## WORK TO COMPLETE
Please write out every record exactly, but keep any images out of it.

[Text-to-region grounding data]
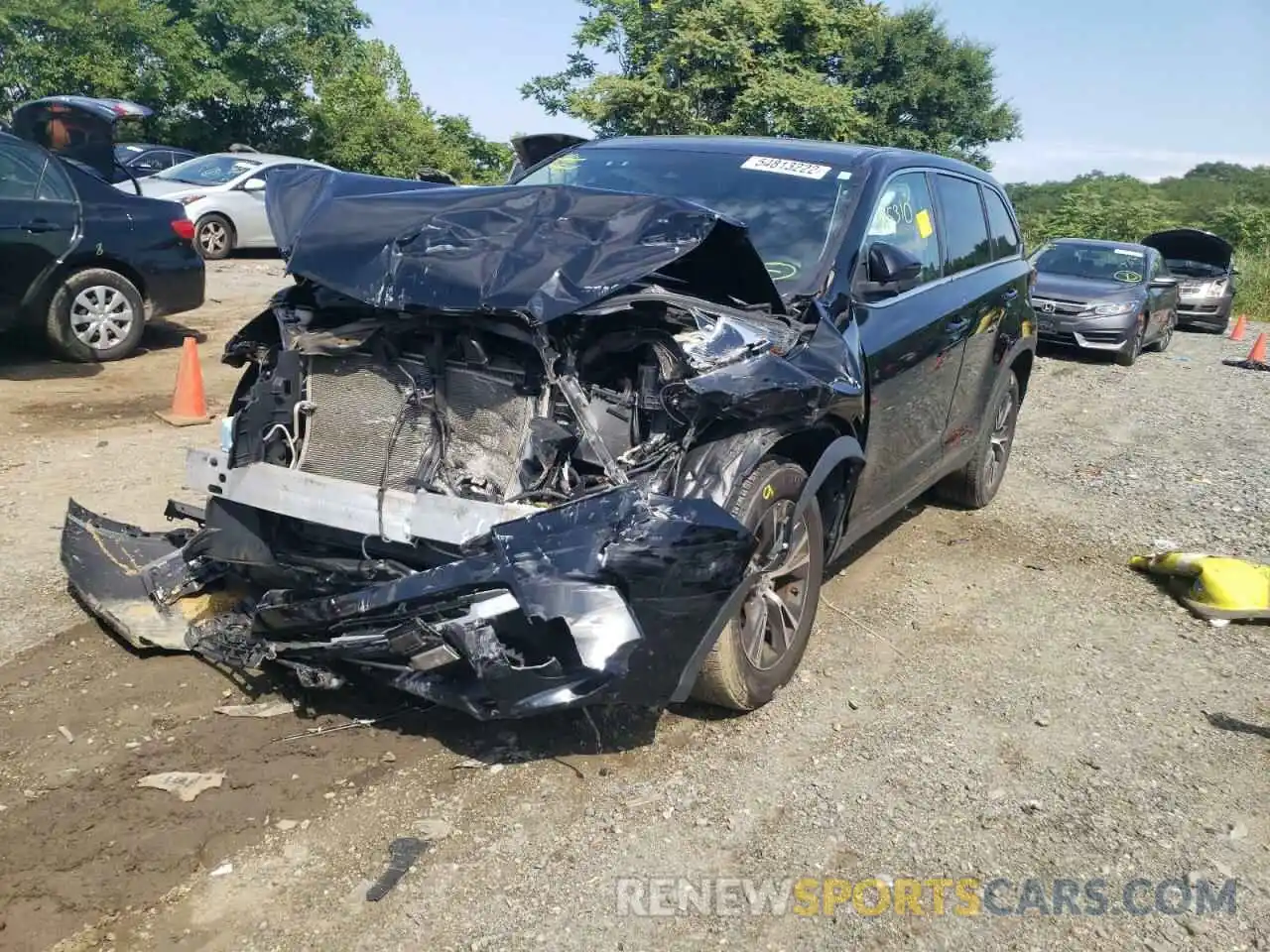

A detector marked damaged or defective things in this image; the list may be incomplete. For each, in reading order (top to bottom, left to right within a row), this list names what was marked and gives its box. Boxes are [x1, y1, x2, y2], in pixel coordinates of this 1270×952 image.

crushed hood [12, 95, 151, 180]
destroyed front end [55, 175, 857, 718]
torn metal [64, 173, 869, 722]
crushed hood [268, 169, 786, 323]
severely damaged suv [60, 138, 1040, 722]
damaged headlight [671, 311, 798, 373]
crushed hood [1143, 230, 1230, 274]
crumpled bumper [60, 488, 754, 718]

## REPLY
A detector marked damaged or defective things in this image; the list may be incomplete. For each, in reading order (top to bottom, left to right within a row), this list names what was marked and gives its box. Boxes are [x1, y1, x2, y2], in pixel coordinates of this 1270×952 image.

crushed hood [12, 95, 151, 180]
destroyed front end [55, 175, 857, 718]
torn metal [64, 173, 869, 722]
crushed hood [268, 169, 786, 323]
severely damaged suv [60, 138, 1040, 722]
damaged headlight [671, 311, 798, 373]
crushed hood [1143, 230, 1230, 274]
crumpled bumper [60, 488, 754, 718]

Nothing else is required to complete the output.